**WHAT THE TASK ASKS**
Beginning with the line that contains "Bronco Buster", reproduce the remaining lines of the material exactly, up to and including the last one, but no pictures.
BEGIN THE RECORDS
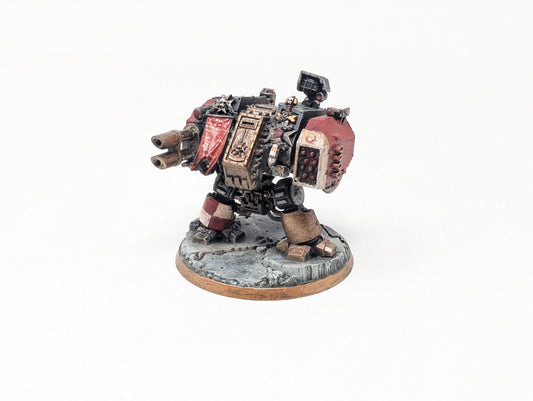 Dreadnought (Tabletop)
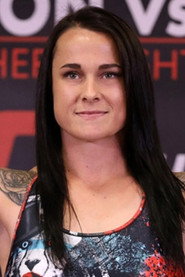 Photo of Auttumn Norton as Self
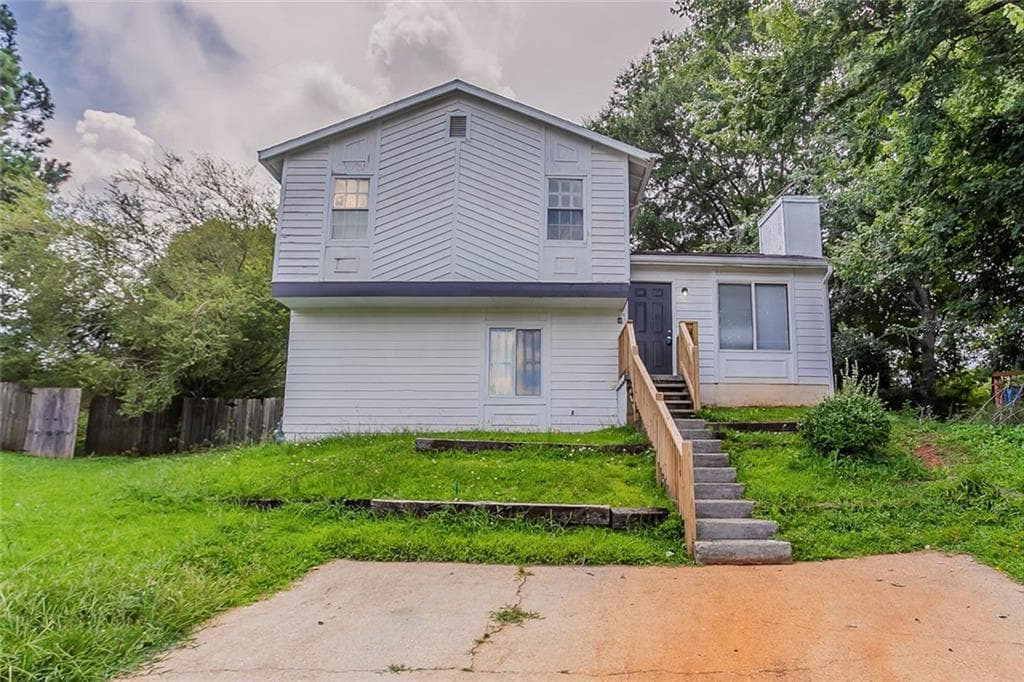 4821 Mainstreet Valley Trace, Stone Mountain, GA 30088 — most recent listing photo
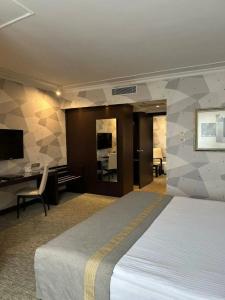 Altinel Ankara & Convention Center - 39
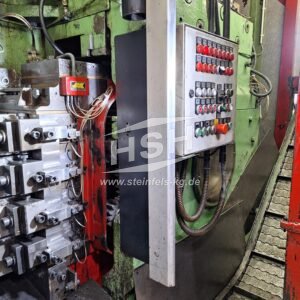 PELTZER-EHLERS – GB200 – M08E/9148 – Ü 2025 – 8-20mm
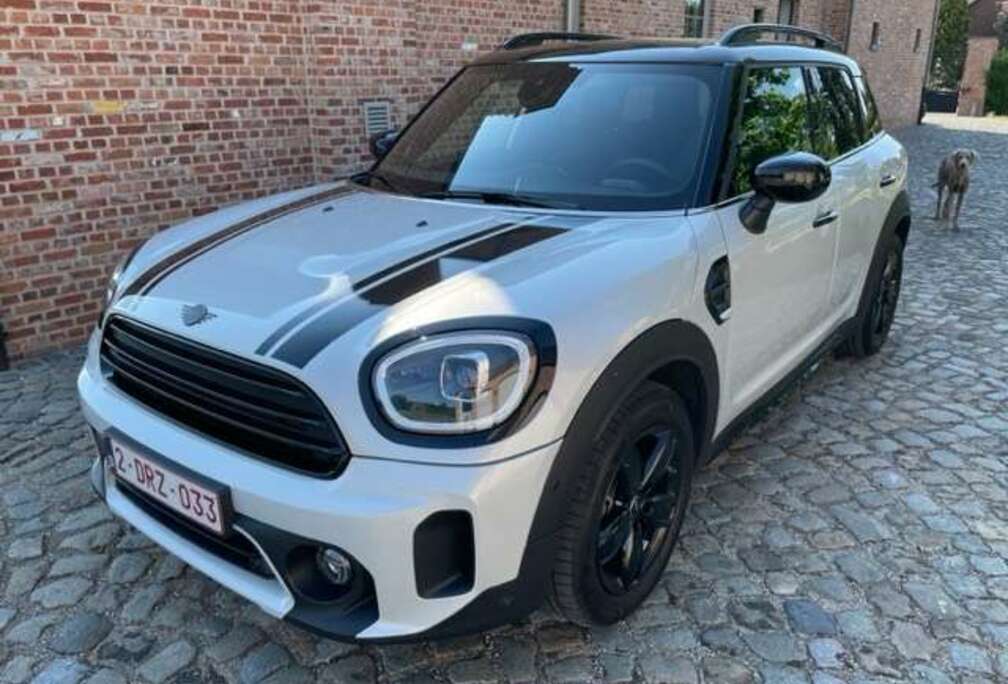 MINI Mini Countryman 1.5A Cooper OPF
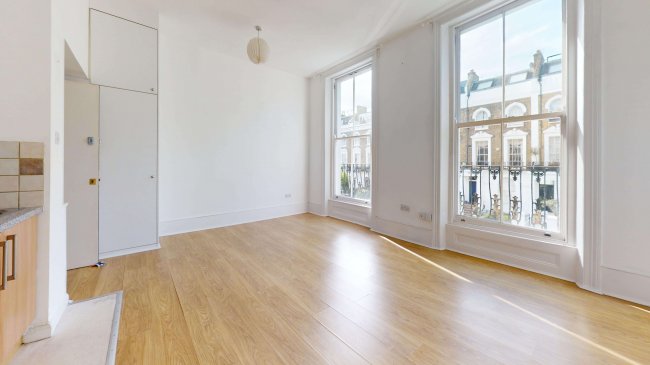 106 Gloucester Avenue, Primrose Hill, London, NW1 8HX 2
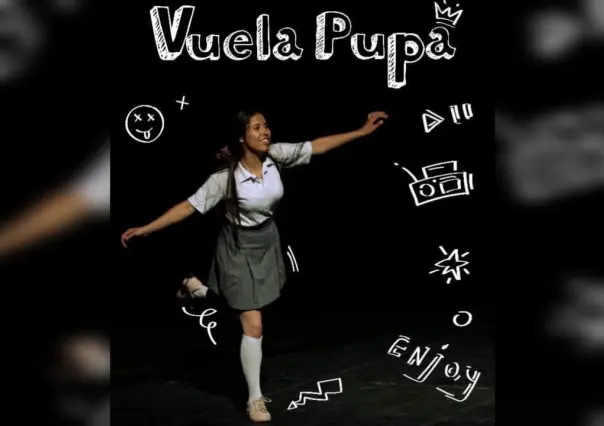 ¿Cumples años en abril? Compañía Labat te invita al teatro este domingo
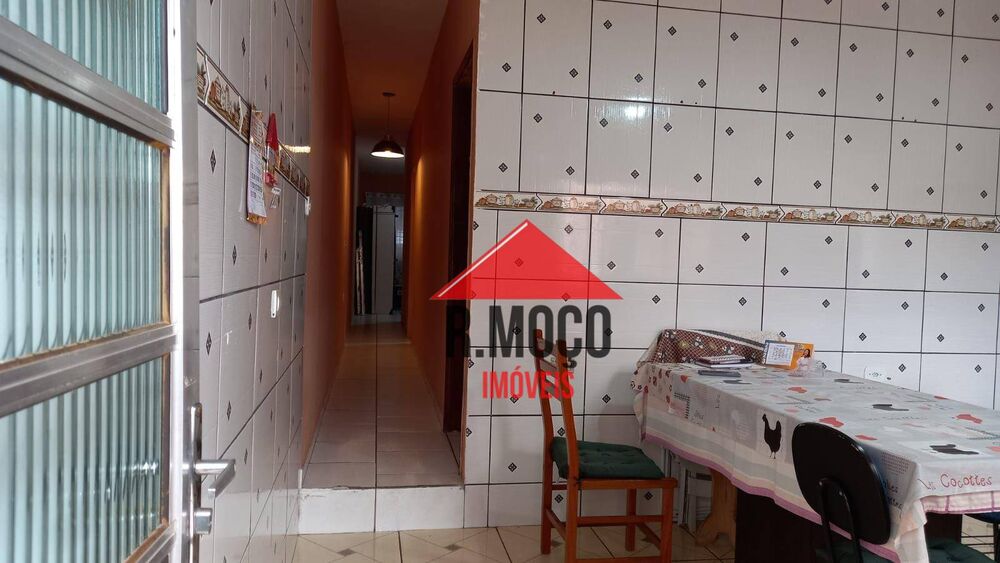 Casa, 3 quartos, 125 m² - Foto 1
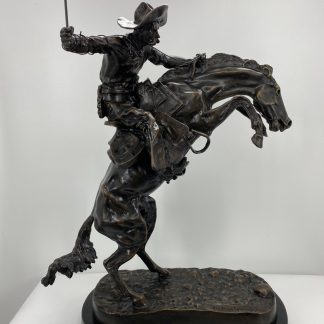 Bronco Buster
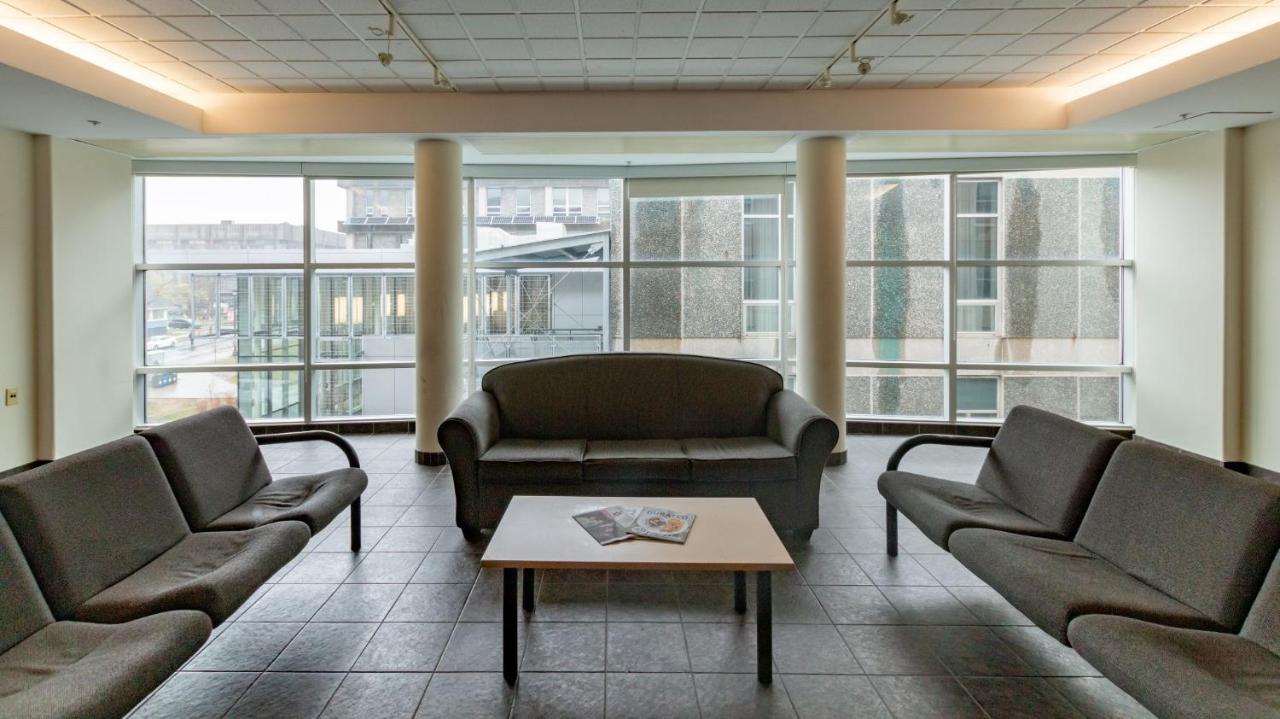 Dalhousie University Галифакс Экстерьер фото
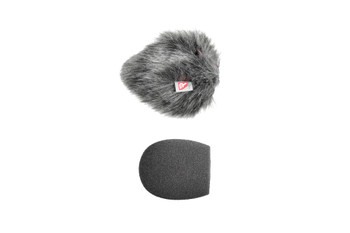 Rycote 055201 Windscreen + Windjammerå¨ Combo Rycote 055201 Windscreen + Windjammerå¨ Combo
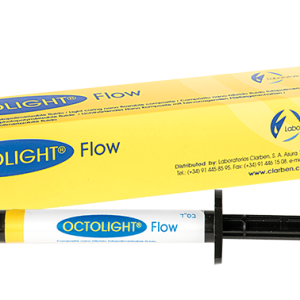 OCTOLIGHT FLOW COMPOSITE A3 JERINGA 2GR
END THE RECORDS
**EXERCISE RESPONSE**
 Bronco Buster
 Dalhousie University Галифакс Экстерьер фото
 Rycote 055201 Windscreen + Windjammerå¨ Combo Rycote 055201 Windscreen + Windjammerå¨ Combo
 OCTOLIGHT FLOW COMPOSITE A3 JERINGA 2GR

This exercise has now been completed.